What are each of these?

Answer 3

Genome = protein coding human genes
Transcriptome = collection of mRNA
Proteome = collection of proteins
Metabolome = breakdown and synthesis of biomolecules.

Question 4

Anabolism

Answer 4

biosynthesis of larger biomolecules

Question 5

Catabolism

Answer 5

degradation (oxidation) of molecules

Question 6

Reactions move toward order/disorder

Answer 6

disorder

Question 7

For a reaction to be spontaneous, deltaG should be +/-ve
deltaH should be +/-ve
detlaS should be +/-ve

Answer 7

-ve
-ve
+ve

Question 8

The major chemical elements in living system

Answer 8

C, N, O, P, H, S

Question 9

Chemical conformation is defined by

Answer 9

rotation around covalent bonds

Question 10

Chemical configuration changes require

Answer 10

making and breaking bonds.

Question 11

What is D?

Answer 11

D = dialectic constant = force between two ions
D = 0 in a vacuum and D = 80 in water

Question 12

Vander waals interactions

Answer 12

Very weak attractive forces doe to dipole or induced dipole interactions of closely spaced atoms.
Atoms can’t get closer than their radii without covalent bonding.

Question 13

Hydrogen bonds are strongest when

Answer 13

3 atoms are in a line

Question 14

Hydrogen bonds are

Answer 14

when one hydrogen atom is shared between two electronegative atoms.
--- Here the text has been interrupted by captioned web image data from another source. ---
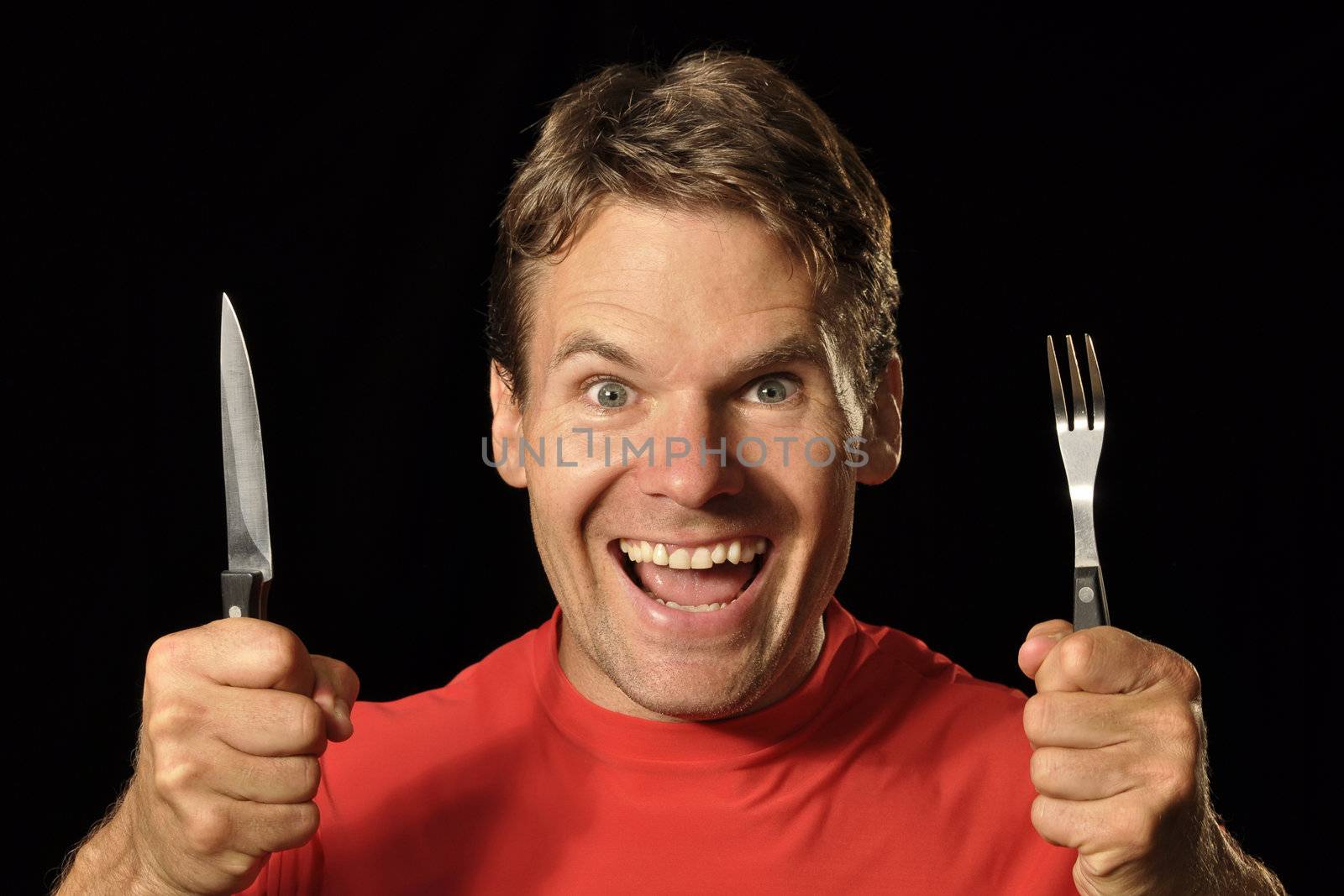Handsome hungry Caucasian man holds knife and fork while making excited face on black background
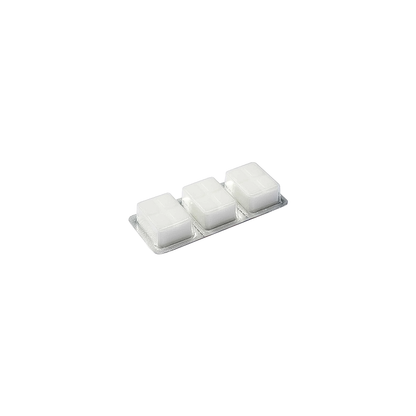 Three solid fuel tablets arranged in a white square on a white surface, designed for ultralight backpacking stoves.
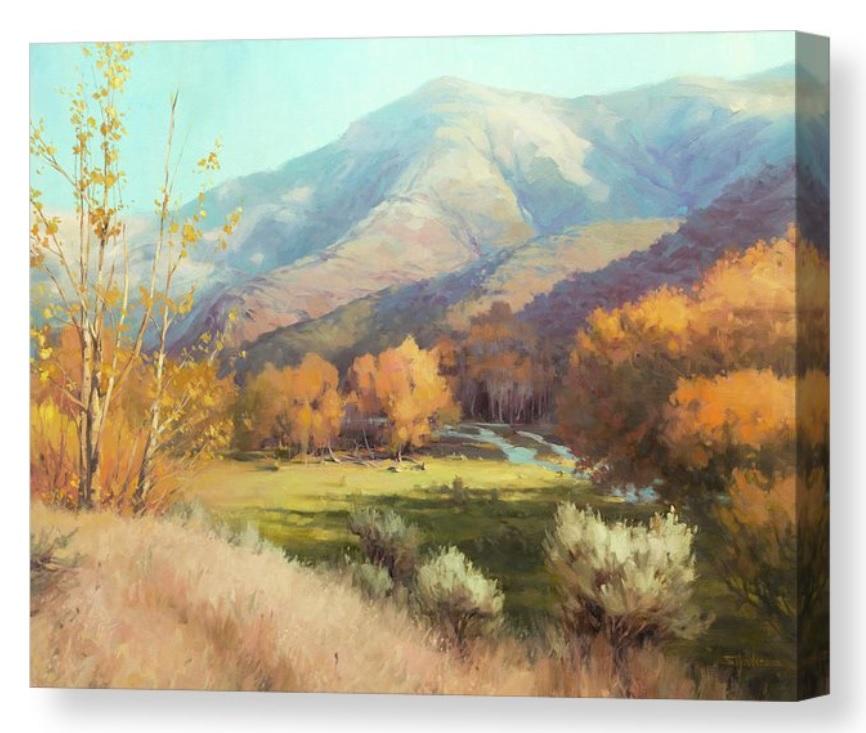 Hills and stream in an autumn landscape.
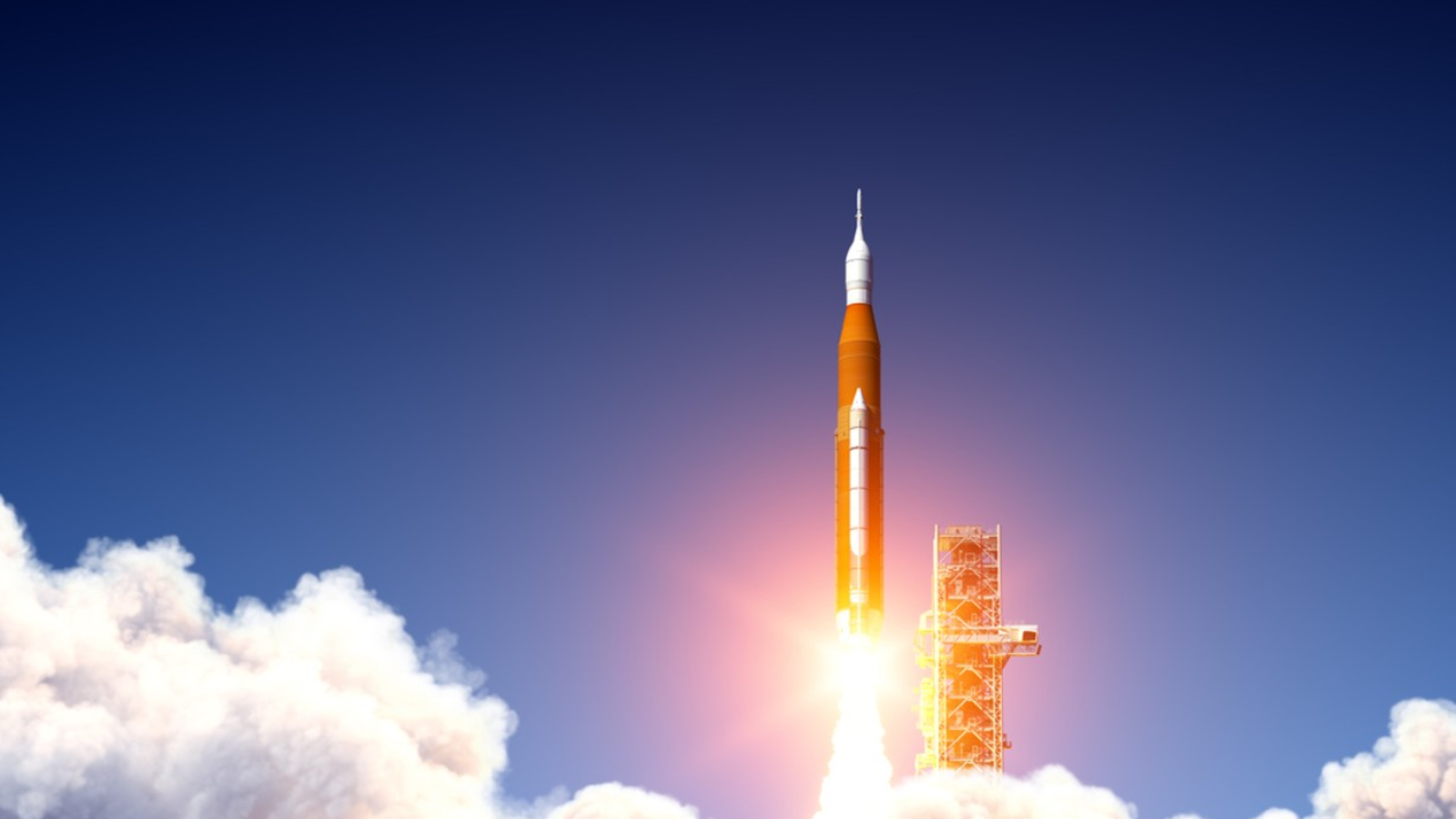 Rocket launching from pad with high-performance materials rocket nozzle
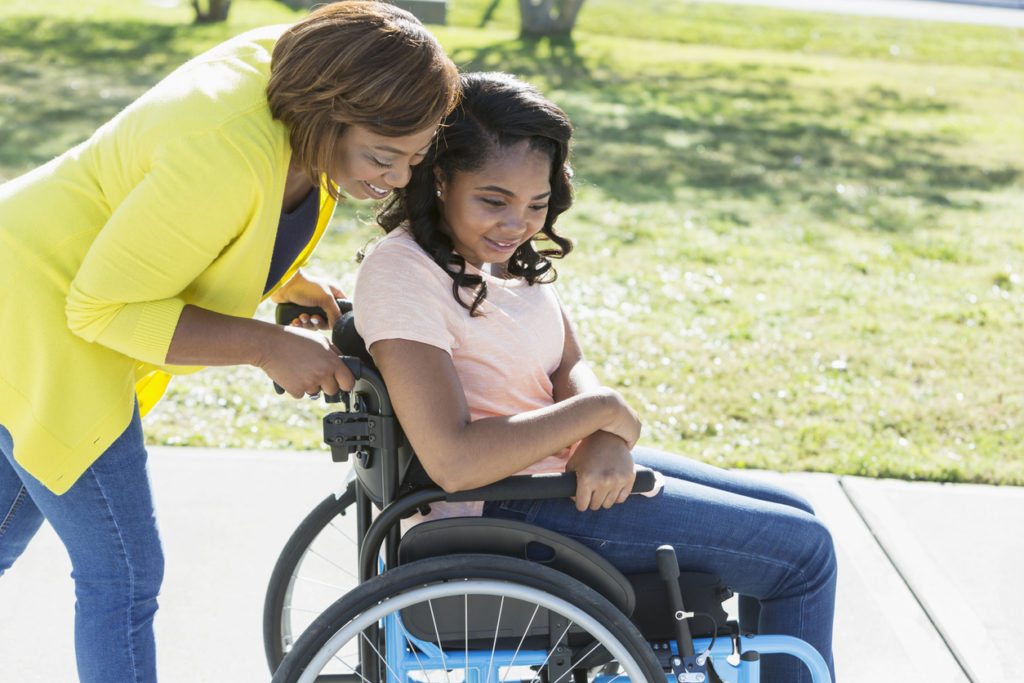 woman helps push a girl in a wheelchair down the sidewalk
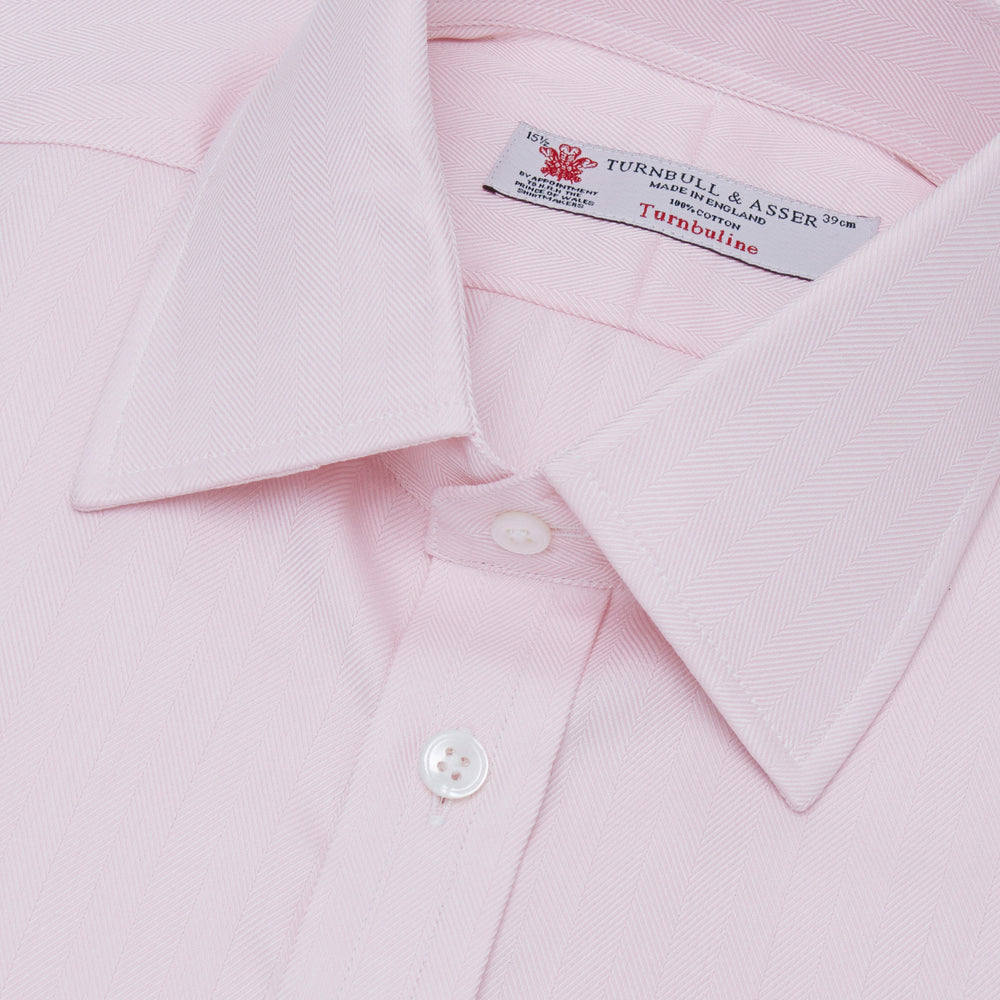 A Pink Herringbone Superfine Cotton Shirt by Turnbull & Asser, featuring a T&A collar and 3-button cuffs, is neatly folded with the inner collar label visible and white buttons, set against a plain white background.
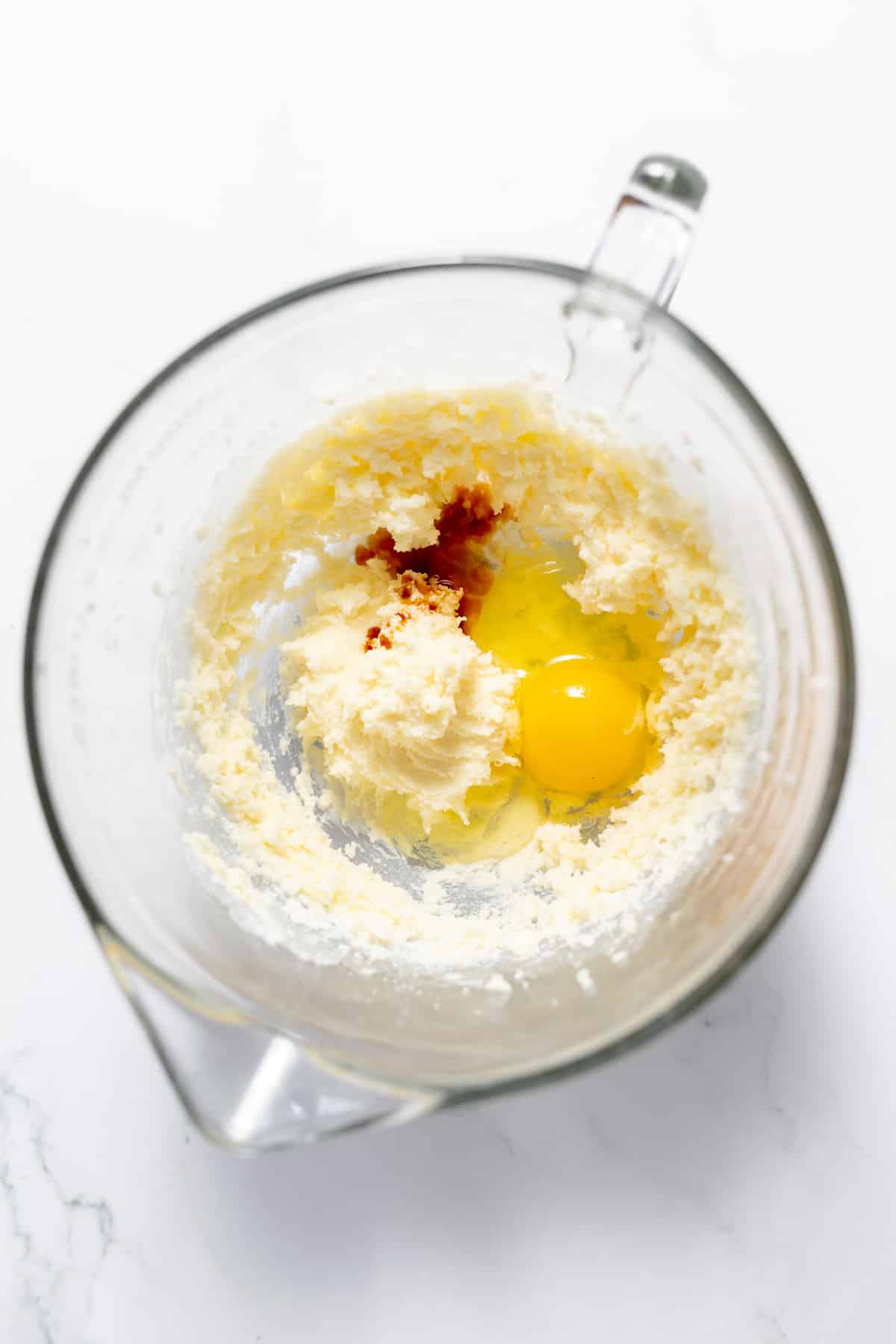A glass mixing bowl with creamed butter and sugar topped with an egg and vanilla extract.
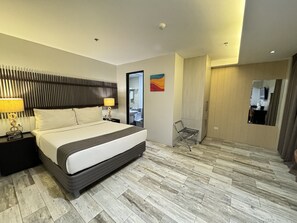 Quarto de hotel moderno com uma cama grande, mesa de cabeceira com abajur, espelho, cadeira e guarda-roupa.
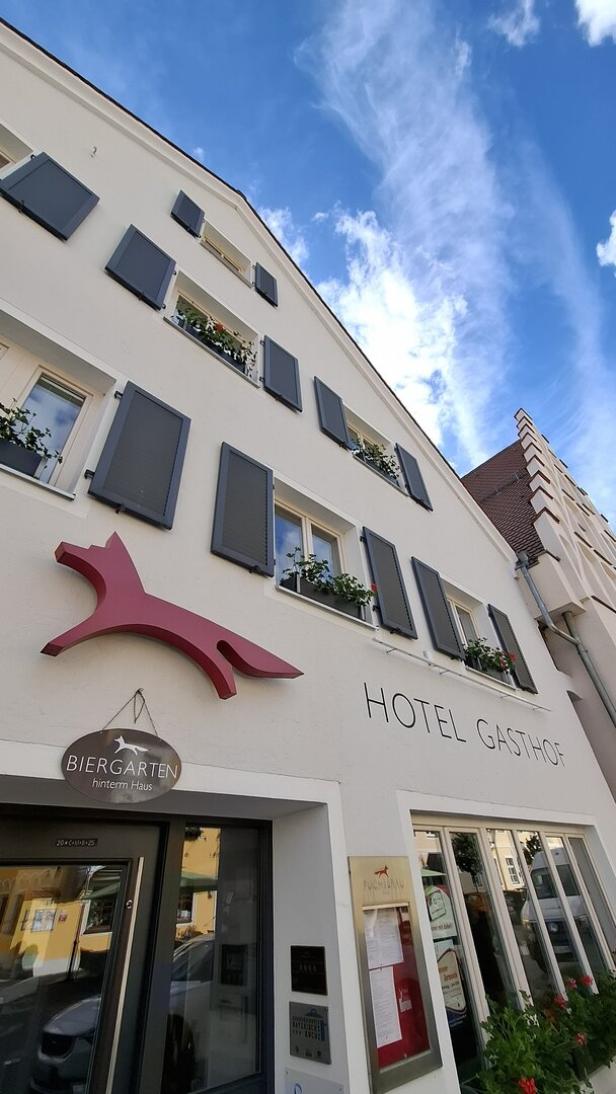 Das Hotel Gasthof „Fuchsbräu“ mit Biergarten unter blauem Himmel.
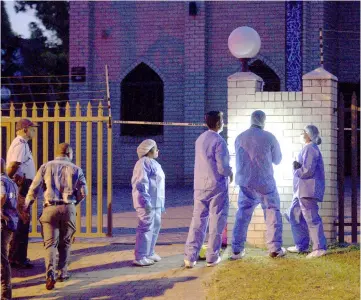  ??  ?? Police investigat­ors collect evidence at a mosque where three men were attacked in South Africa. — Reuters photo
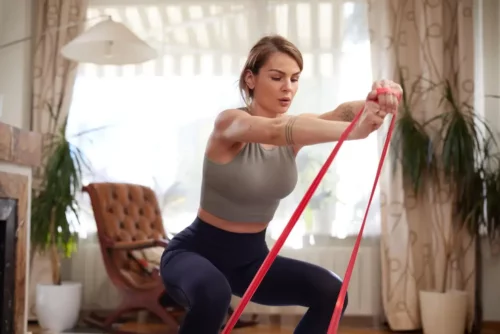 Kvinde laver squat med bånd i en træningsrutine til ballerne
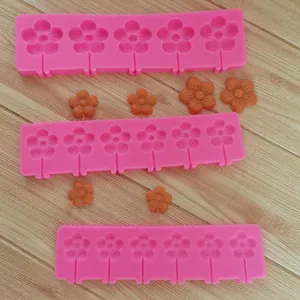 Close-up detail of pink flower lollipop silicone molds featuring orange finished products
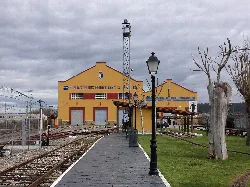Edificio amarillo del museo con vías de tren y señalización.
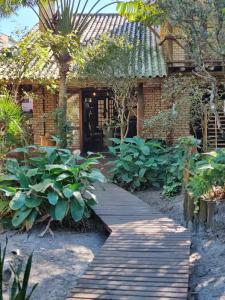 a walkway in front of a house with plants at Hospedaria LARENA in Florianópolis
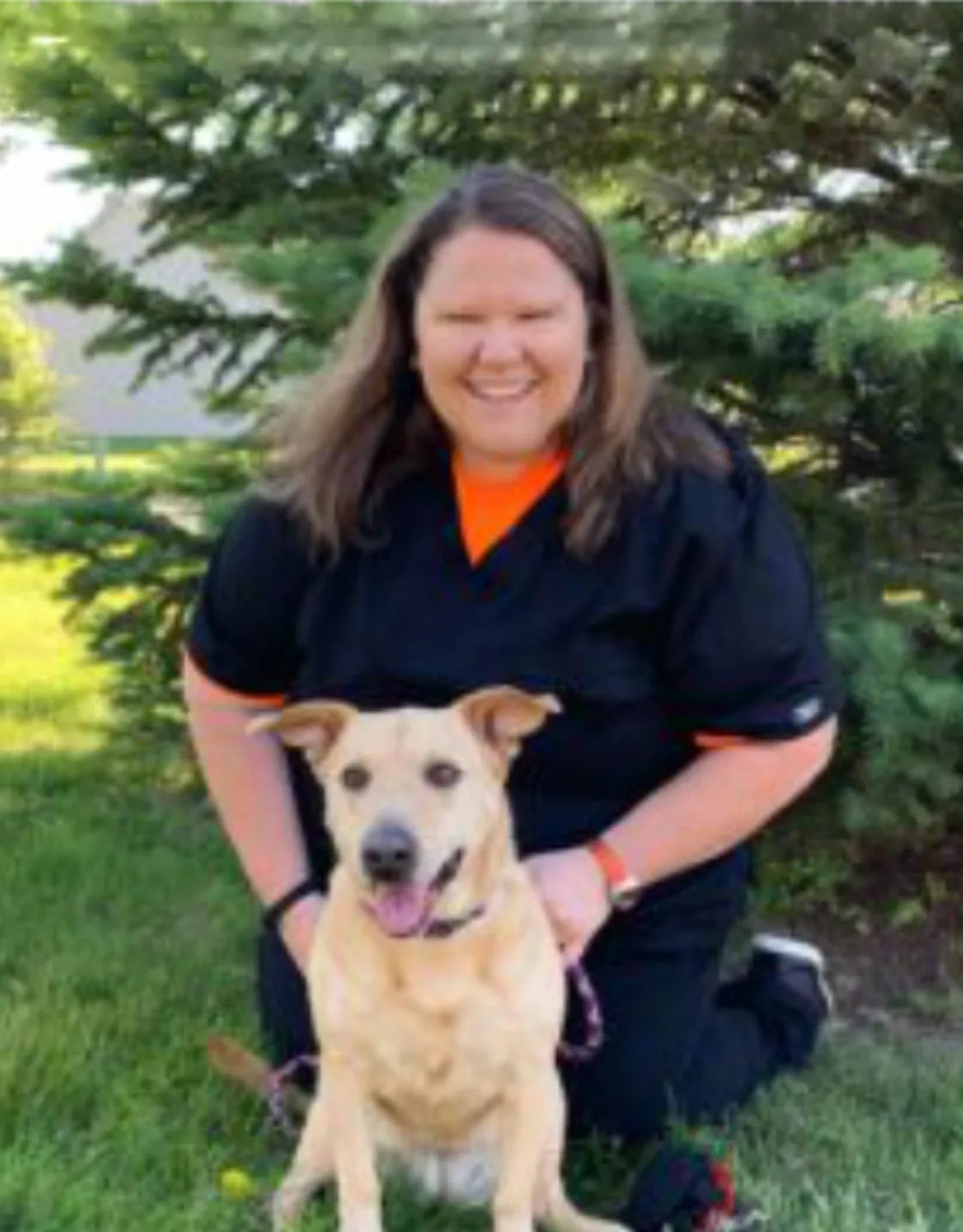 A staff member posing with a brown dog A staff member posing with a brown dog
Partial covalent character

Question 15

Hydrogen bonding between two peptide groups would be strongest….

Answer 15

at protein surface exposed to water (D=80)

Question 16

Hydrophobic Effect

Answer 16

Since water is polar it repels the non polar substance, losing entropy.

So, when a non polar substance is placed in water it will congregate to decrease the amount of SA exposed to water.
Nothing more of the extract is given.